▸ **RECORDED DATA**:

== == ==

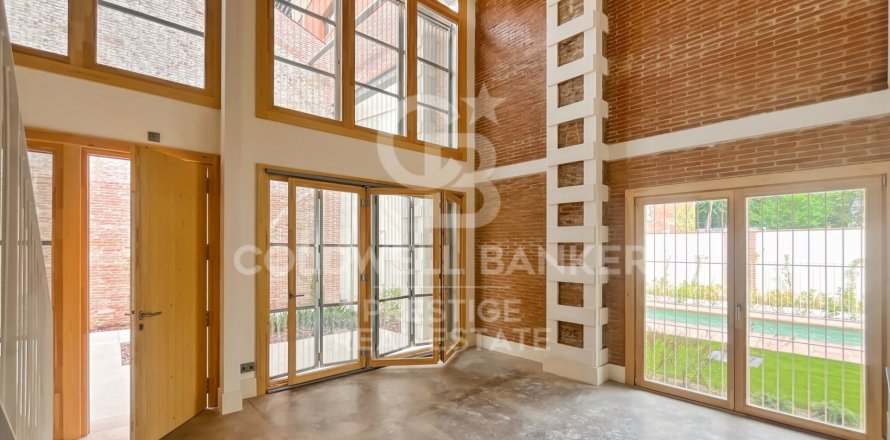 2 bedrooms duplex for sale in Barcelona, Catalonia, Spain № 7989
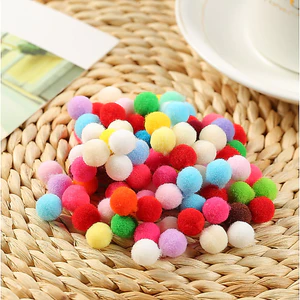 Pom pom trang trí nhiều size handmade DIY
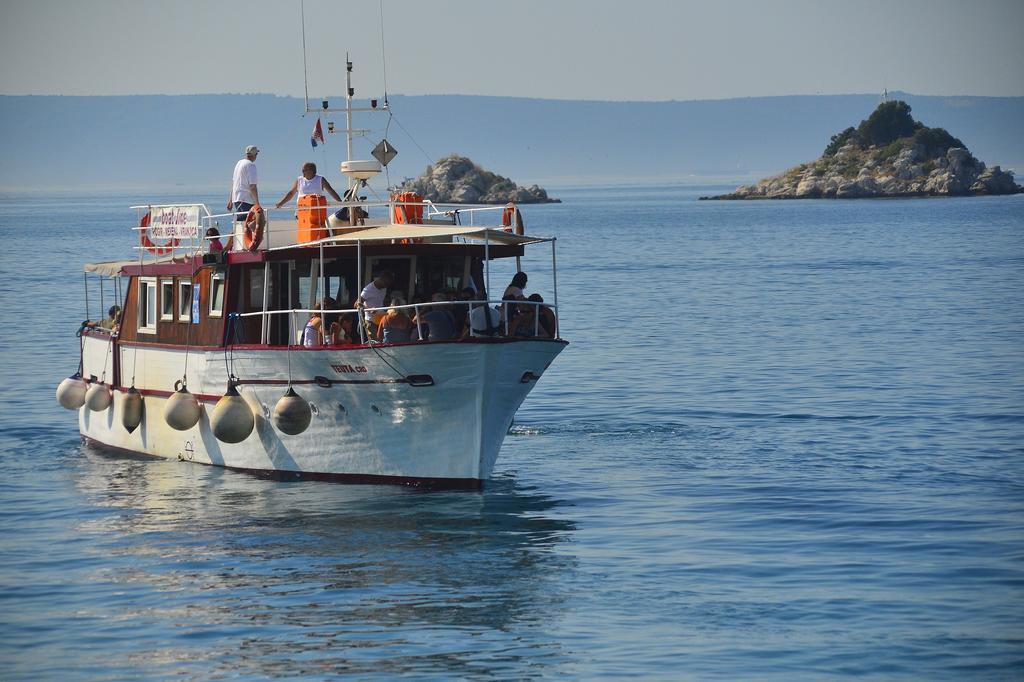 Happy Camp Mobile Homes In Camping Amadria Park Camping Trogir Seget Vranjica Esterno foto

== == ==

▸ **PROMPT**: Find the line with "Pom pom trang trí nhiều size handmade DIY". Return it and each line after it through the end of the data, exactly, without pictures.

▸ **WRITTEN SOLUTION**:
 Pom pom trang trí nhiều size handmade DIY
 Happy Camp Mobile Homes In Camping Amadria Park Camping Trogir Seget Vranjica Esterno foto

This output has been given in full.